Tuesday, March 9, 2010

Twinkle Little Star Refashion Frock GROSGRAIN GIVEAWAY!!!!


I know. I have no place to go. But this dress, it makes me dream up the possiblities. I could see myself dressing up, something I haven't done in such a long time! But I could see me doing it. Wearing this cute little number. Can you believe it was made out of a Salvation Army find? That's what you call talent!!! Run and enter this giveaway. This dress is way too beautiful and fun to not enter. :)

Estate Sale Blue Blouse GROSGRAIN GIVEAWAY!!!!


Can you say, "Oh so cute. And chic!" 2 of my 4 are beautiful princesses. Yes, full on princesses. They love dressing up. The oldest of the 2, she likes to wear my clothes around the house. So when I saw this little number, I about died! It's perfect!!! Something I would wear, if it came in my size. But something that could look oh so adorable on my little one. Go enter the giveaway!!! :)

The Pajama Squid THREE Prize GUEST GIVEAWAY!!!!

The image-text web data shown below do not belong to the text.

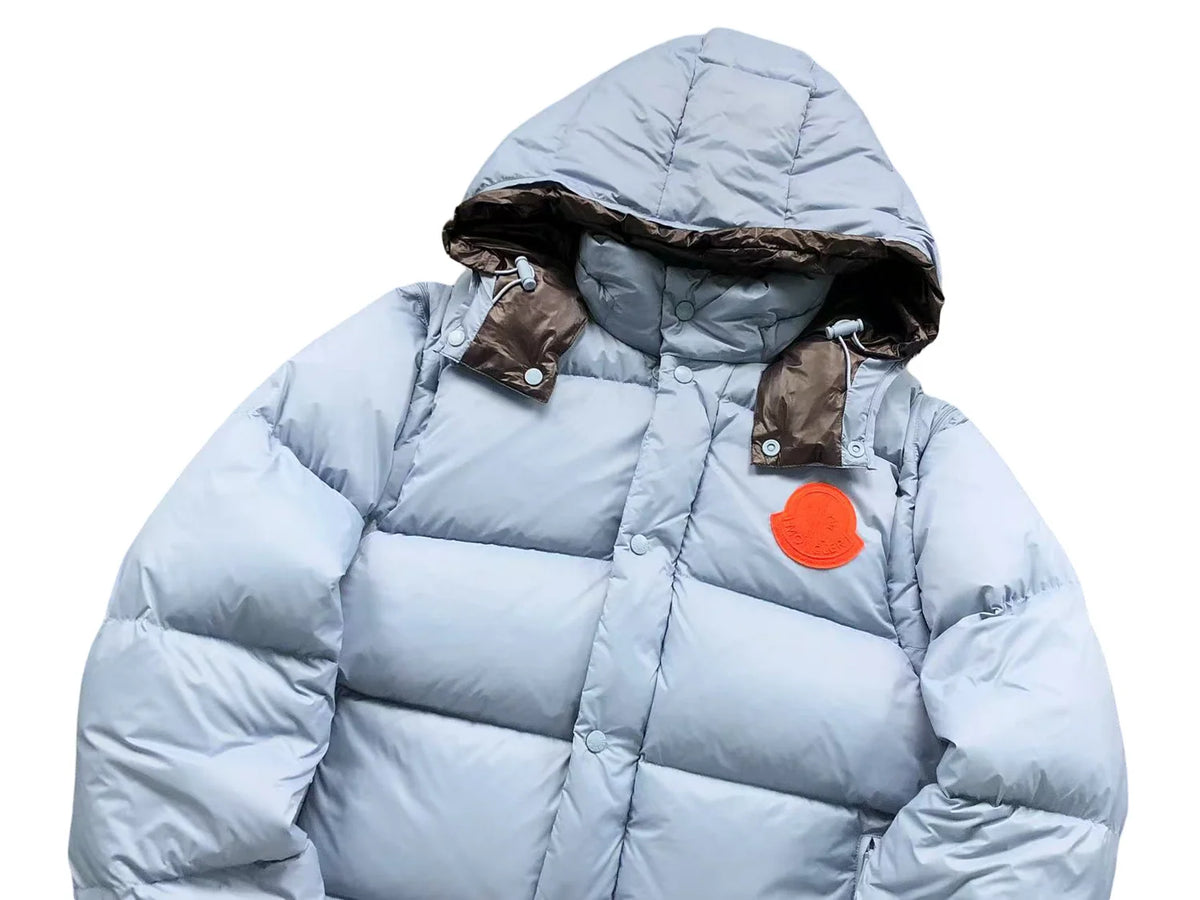 Moncler Light Blue Hooded Quilted Puffer Jacket with Orange Logo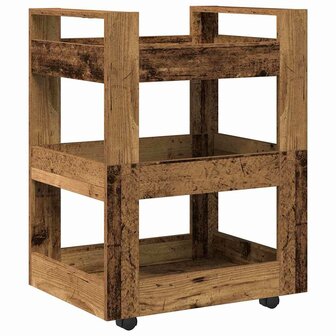 Keukentrolley 60x45x80 cm bewerkt hout oud houtkleurig 6
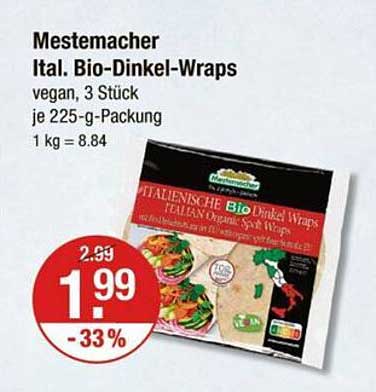 Mestemacher Ital. Bio-Dinkel-Wraps, 3 Stück je 225-g-Packung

I'm a mommy of 4...all under 4. Ya, I know. A little crazy! But when I saw this giveaway, that included these blocks, I just knew I had to enter it! Yup, a giveaway at Grosgrain, not for just one amazing treat. But for 3!!! And they are from The Pajama Squid. Oh so cute!!! But these blocks, they're the ones that caught my eye. Remember, I've got 4 under 4. Anything educational, it's a total plus in my book. I hope I win!!! Between, if I had any sort of extra money, I would LOVE to dress my kids in some of the cute clothes at The Pajama Squid. :)

Monday, March 8, 2010

Magpie Lovely $50 Gift Card GUEST GIVEAWAY!!!!

Do you see this lovely bag? Doesn't it just scream Spring to you? Oh, it also happens to be my favorite color. It's from Magpie. And Grosgrain is hosting a giveaway for Magpie. Yay! You have the chance to win $50. There are so many wonderful things there. But this bag, it just caught my eye. :)

"New Baby" Monogrammed Wool Bonnet GROSGRAIN GIVEAWAY!!!!

I found a new blog. I was reading a friend's blog. And I clicked on a link, to find myself at Grosgrain. Kathleen has to be the most talented woman. I just wish I was that talented. But while I was browsing, I noticed that she has many, many giveaways. I thought I would enter a couple. Would you like the chance to win an adorable hat for you little princess? I know I would, so I entered this giveaway! :)

Sadness

I LOVE to read blogs. And I read a bunch. I "stalk" a few. Checking them every single day for a new entry. Because these are inspirational blogs to me. But in the last few weeks, 5 of the blogs that I read, have gone to "This blog is open to invited readers only." Complete sadness for me!

The 2 blogs that I'm going to miss the most are Adventures in Kandeeland and The Sims Family. Last summer I also had to say goodbye to A New Duck and Peanut Butter Burrito. At the time, those were my favorite 2 blogs!!!

AiK is Kandee's blog about her family. I just liked reading about her special time with her kids. It made me feel like I am able to get through this darkness. That there was hope. That my kids are going to be OK at the end of this journey we're on. TSB is just adorable. Sheaffer posts almost daily. Has loads of pictures of her son and their dog. Her husband was almost killed in a serious accident a few months ago. But I just liked reading about a normal family. And seeing that little boy in his pjs and cowboy boots! I also found Shay through this blog.

And in case you were wondering, AND is about a single mom. Who is also a lawyer. I just loved her blogs about her chair, cravings for pie, and the large amounts of snow she was always having to trek through. I found her through PBB. Andrea was a law student at the time, and pregnant. I actually found both blogs, while both women were expecting. Andrea's husband is a Jeopardy whiz. It actually got me into watching Jeopardy for a long time. And their daughter Becca, she is the cutest! I also enjoyed reading Andrea's monthly letters to Becca.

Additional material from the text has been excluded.